Воспоминания о С. Н. Рерихе. Сборник, посвященный 100-летию со дня рождения С. Н. Рериха
(составитель Т. Книжник)
© Международный Центр Рерихов, 2004
* * *К 100-летию С. Н. Рериха
Я с удовольствием принял предложение написать несколько слов для юбилейного сборника, посвященного 100-летию Святослава Николаевича Рериха, поделиться своими воспоминаниями об этом удивительном человеке.
Замечательный художник, ученый и общественный деятель – С. Н. Рерих, безусловно, личность мирового масштаба. Получив блестящее образование на Западе, долгие годы живя в Индии, Святослав Николаевич не забывал свои корни и очень чутко воспринимал проблемы своей Родины, где, как он говорил, «сошлись Восток и Запад».
Сын знаменитого русского художника, мыслителя и поэта Николая Константиновича и гениальной женщины Елены Ивановны Рерих, Святослав Николаевич достойно продолжил семейную традицию духовного подвижничества, посвятив всю свою жизнь многогранной общественной, научной и миротворческой деятельности. Унаследовав от отца талант художника, Святослав Николаевич подарил миру изумительные живописные полотна, несущие мощный заряд гармонии и добра. Ну а вклад, который он внес в развитие культурных связей между Индией и Россией, во взаимное сближение и понимание наших народов, просто колоссален.
Я с удовольствием вспоминаю наши с Раисой Максимовной встречи со Святославом Николаевичем и его женой Девикой Рани Рерих в Дели и в Москве. Таких встреч было немного, но каждая из них весьма содержательна и памятна. Это – незабываемые беседы обо всем на свете и, прежде всего, о таких вечных общечеловеческих ценностях, как духовность, мораль, красота, гармония. Раиса Максимовна, относившаяся с глубочайшим уважением к гуманистическим идеям Святослава Николаевича, воспринимала проблему сохранения наследия семьи Рерихов как очень важную для нашей страны. Работая в Советском Фонде Культуры, она с огромным воодушевлением и энергией принимала участие в создании музея Рерихов в Москве.

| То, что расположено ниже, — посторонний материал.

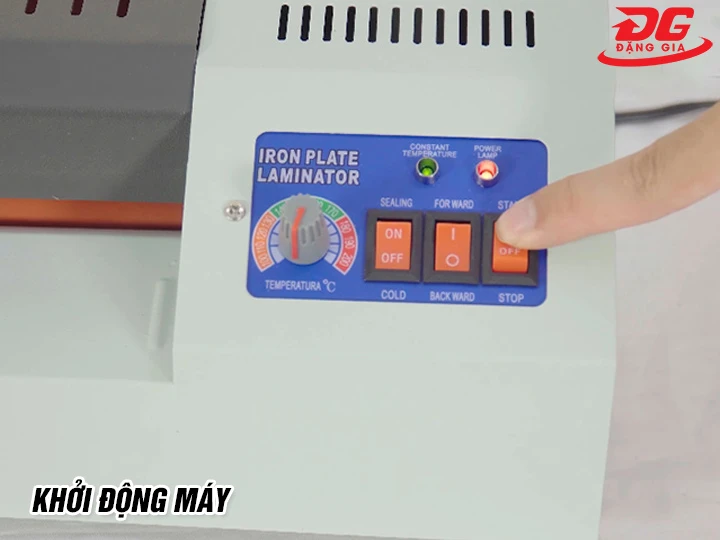 Khởi động máy ép plastic 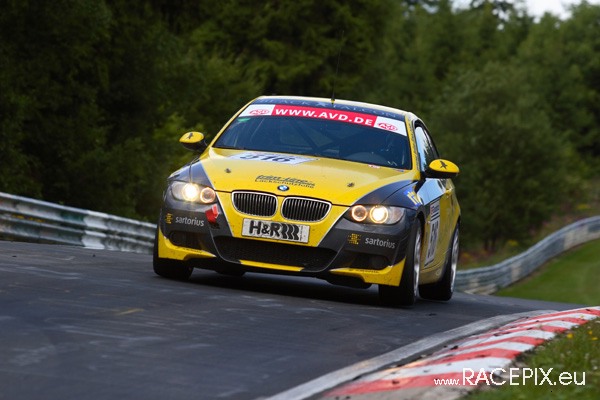 VLN-07 2008-07-19 05 Pflanzgarten Sprunghuegel IMG_1436
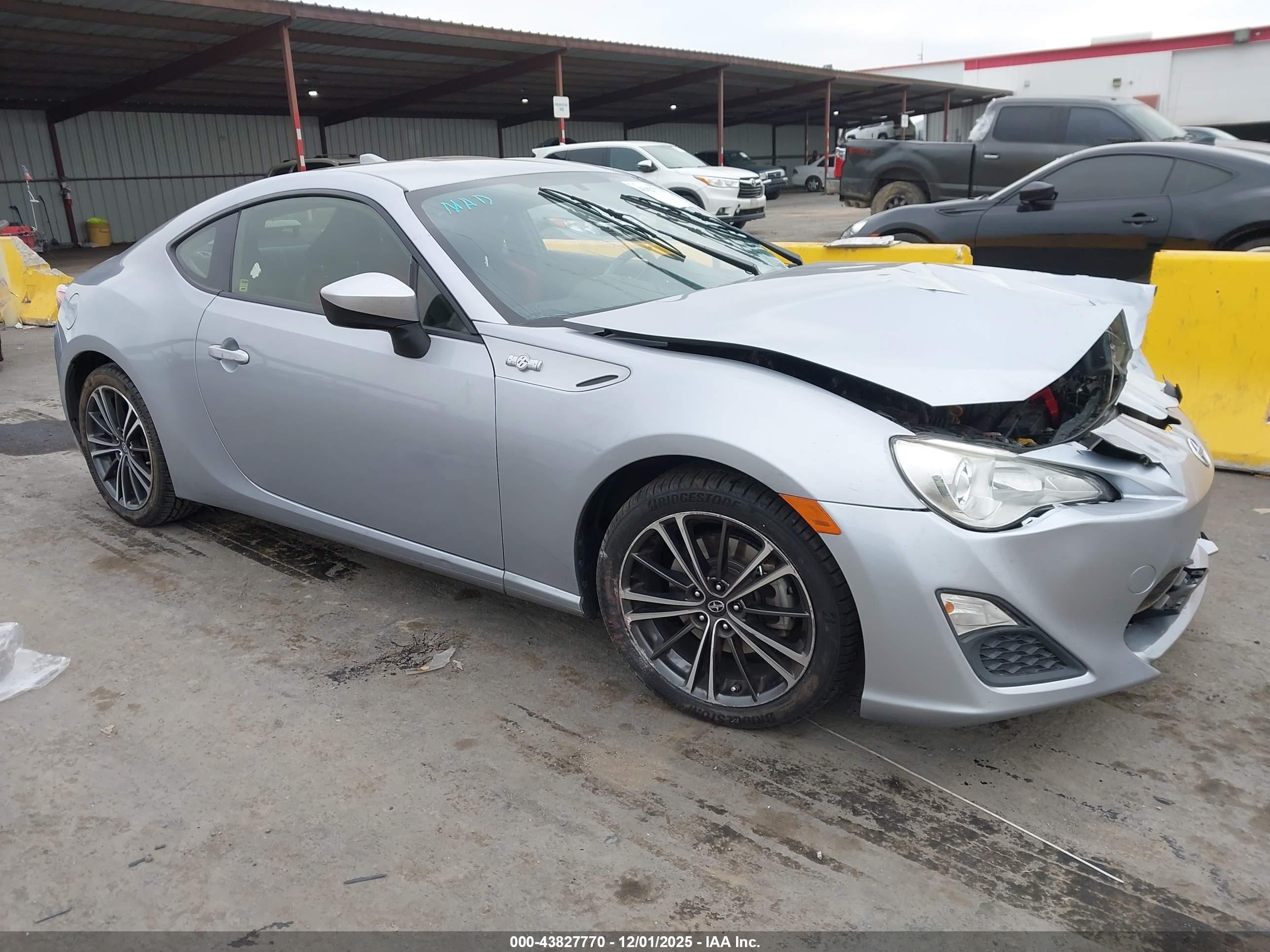 2016 Scion FR-S, VIN JF1ZNAA14G8702457 — Front end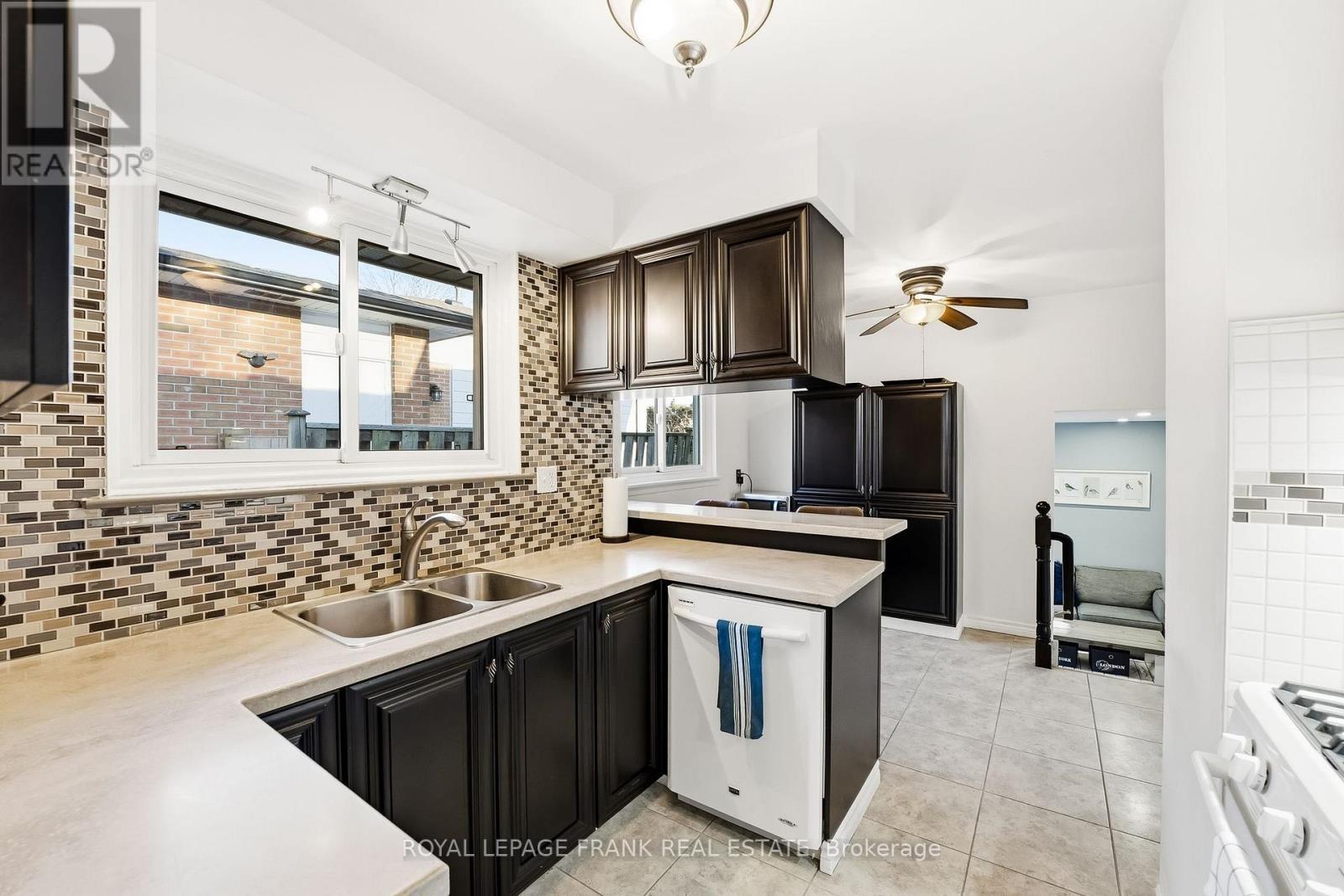 












489 CRESTWOOD DRIVE

,
Oshawa (O'Neill),




Ontario
L1G2R4

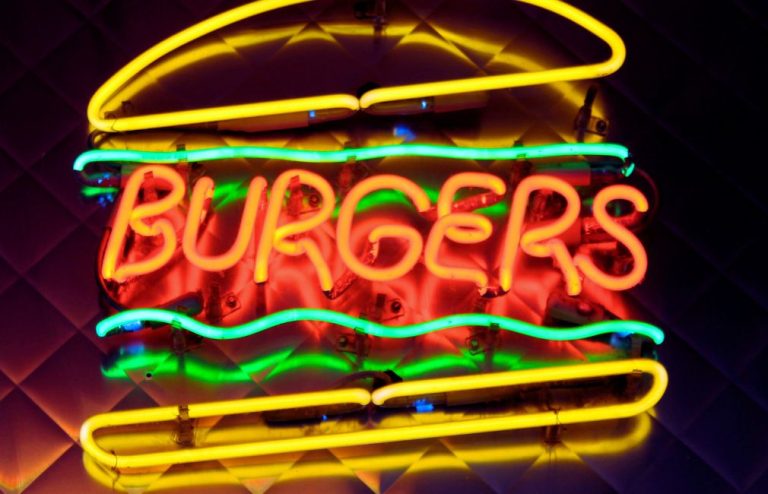 Une enseigne lumineuse en forme de Burger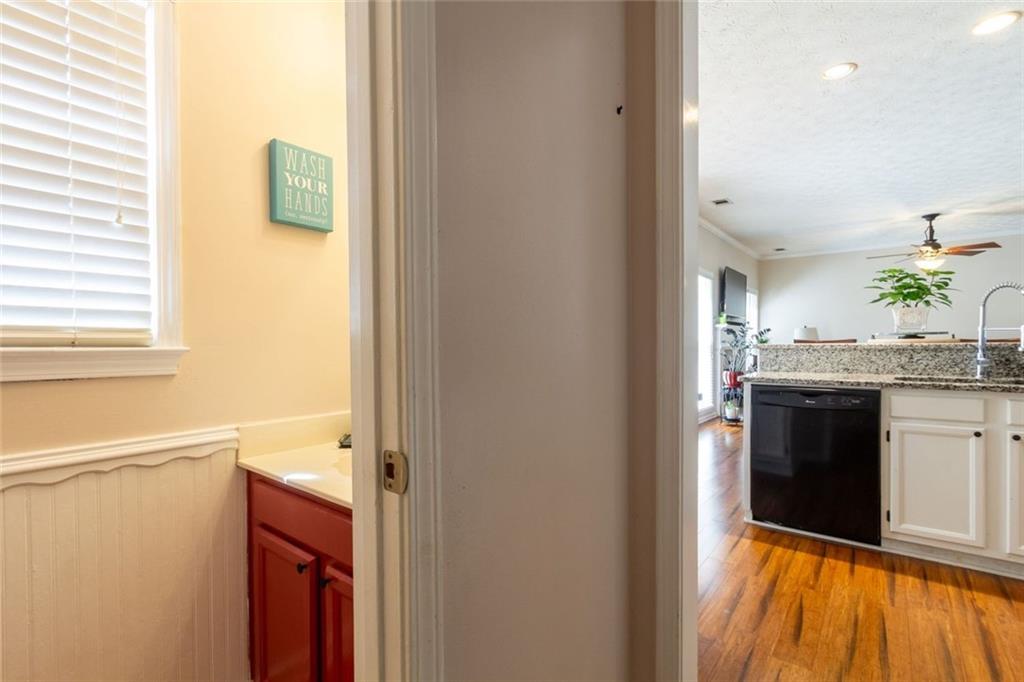 922 Heartwood Circle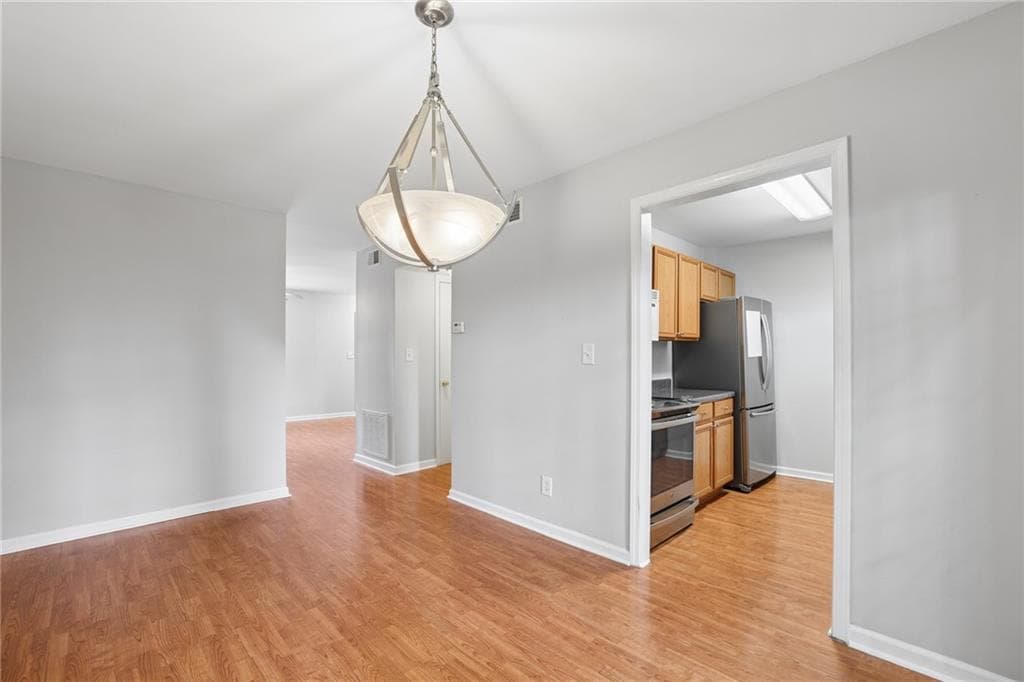 2 bedroom, 3 bathroom, 1,200 sq ft condominium under contract at 1206 Brighton Point, Sandy Springs, GA 30328 — photo 6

Замечательно, что сегодня у Святослава Николаевича Рериха есть преданные ученики, последователи и хранители его духовного наследия. С сотрудниками Международного Центра Рерихов нас связывают давние и очень добрые отношения. Я знаю, с каким энтузиазмом эти скромные симпатичные люди очень профессионально ведут огромную просветительскую работу, преодолевая массу бюрократических препятствий на своем пути.
Со 100-летием со дня рождения Святослава Николаевича Рериха я хотел бы поздравить весь коллектив Центра Рерихов. Думаю, лучшим мемориалом нашему выдающемуся соотечественнику будет добрая память о нем, его делах и бережное отношение к его творческому наследию. Я от души желаю всему коллективу Центра Рерихов дальнейших успехов в их благородном деле, хороших друзей и всего самого доброго.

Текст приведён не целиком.